Juste que le saccage du monde finit nécessairement par fracasser l'ensemble dudit monde et se croire épargné parce que riches (ce que nous sommes, au regard du vaste univers terrestre) et surarmés, au-delà d'un égoïsme effroyable, est insensé.
Nous sommes horrifiés par les morts mais au regard de tous ceux que tuent les guerres menées par l'Occident, force est de constater que nous avons les yeux bien secs. Le génocide rwandais, perpétré avec la complicité active de la République française en temps de cohabitation, n'émeut pas nos médias ni Manuel Valls.
La seule chose que les gouvernements de nos contrées proposent, c'est comme toujours la stigmatisation et la guerre. Stigmatisation via le terme "islamisme" ou "islamiste" qui en réalité désigne tout fidèle de l'Islam qui refuse de cacher sa croyance en public. Les intellectuels britanniques et américains pensent que la République post-coloniale est folle mais en France, il faut être Charlie et répondre à cette injonction terroriste et belliciste : êtes-vous Charlie ou êtes-vous Kouachi ?
Dire que Nous sommes en guerre comme nous le serine l'antienne consensuelle parlementaire depuis au moins 2015 (sous Hollande et Valls) n'est à tout le moins pas suffisant. La vérité exige de rappeler que nous faisons la guerre et que cela, nécessairement, a des retombées. La France a ainsi rasé Mossoul et Raqqa ces trois dernières années.
Mais Paris n'est toutefois pas détruite comme Alep ou comme le musée archéologique de Bagdad le fut peu après l'obscène victoire américaine de 2003 sur un peuple brisé par un embargo digne de celui que Trump veut infliger à l'Iran sans que personne, dans nos "démocraties occidentales", ne proteste. Il y a des morts, en effet, et une incertitude supplémentaire - mais faible - s'est installée dans l'esprit des habitants des grandes métropoles impérialistes. En attendant, toutefois, que font nos pays, nos états, nos gouvernements devant les hommes, les femmes et les enfants qui fuient les régions saccagées par l'impérialisme et qui se noient en mer ? Rien, à une Angela Merkel près.

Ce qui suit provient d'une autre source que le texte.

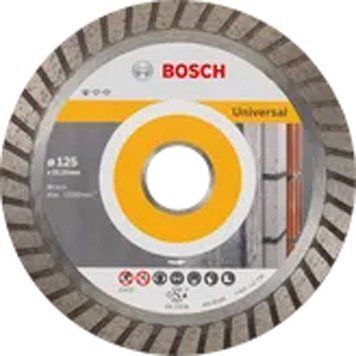 Алмазний відрізний круг BOSCH, турбо Pf Universal, 125х2х22,23 мм 000-10209033-4930 фото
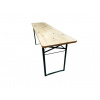 TENTino Pivný stôl 200x50 cm k pivnému setu TENTino Pivný stôl 200x50 cm k pivnému setu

En France, on préfère se repaître des insanités prépogromistes de Zemmour car même condamné du point de vue du droit, son venin néo-pétainiste fait le show, à l'image de la France et de son tenace pétainisme transcendantal.
Nous ne pouvons pas régner innocemment sur un monde qui ne l'a pas demandé. Ce seul règne est dès lors une infamie contre laquelle, y compris épouvantablement, des gens se révolteront. L'Occident est vis-à-vis du monde une survivance de l'Ancien Régime dans son rapport aux populations et nous devons, tous et chacun, fermement refuser cet engrenage désormais consensuel qui voit, par ex., un Jean Messiha épauler un Manuel Valls.
Sans politique de paix, sans dénonciation publique et massive des politiques criminelles occidentales et singulièrement, pour ce qui est d'ici, de la France, la logique des attaques ou des attentats aura un terreau. L'islamisme, terme contestable on le sait mais choyé par le consensus parlementaire pour sa force d'évidement de la pensée, a au moins autant à voir avec les turpitudes de l'Occident qu'avec la religion musulmane qui, fondamentalement, est une branche du monothéisme à l'instar du judaïsme et du christianisme.
Il faut refuser la guerre. Il faut refuser le consensus islamophobe. Il faut réaffirmer qu'il y a un seul monde.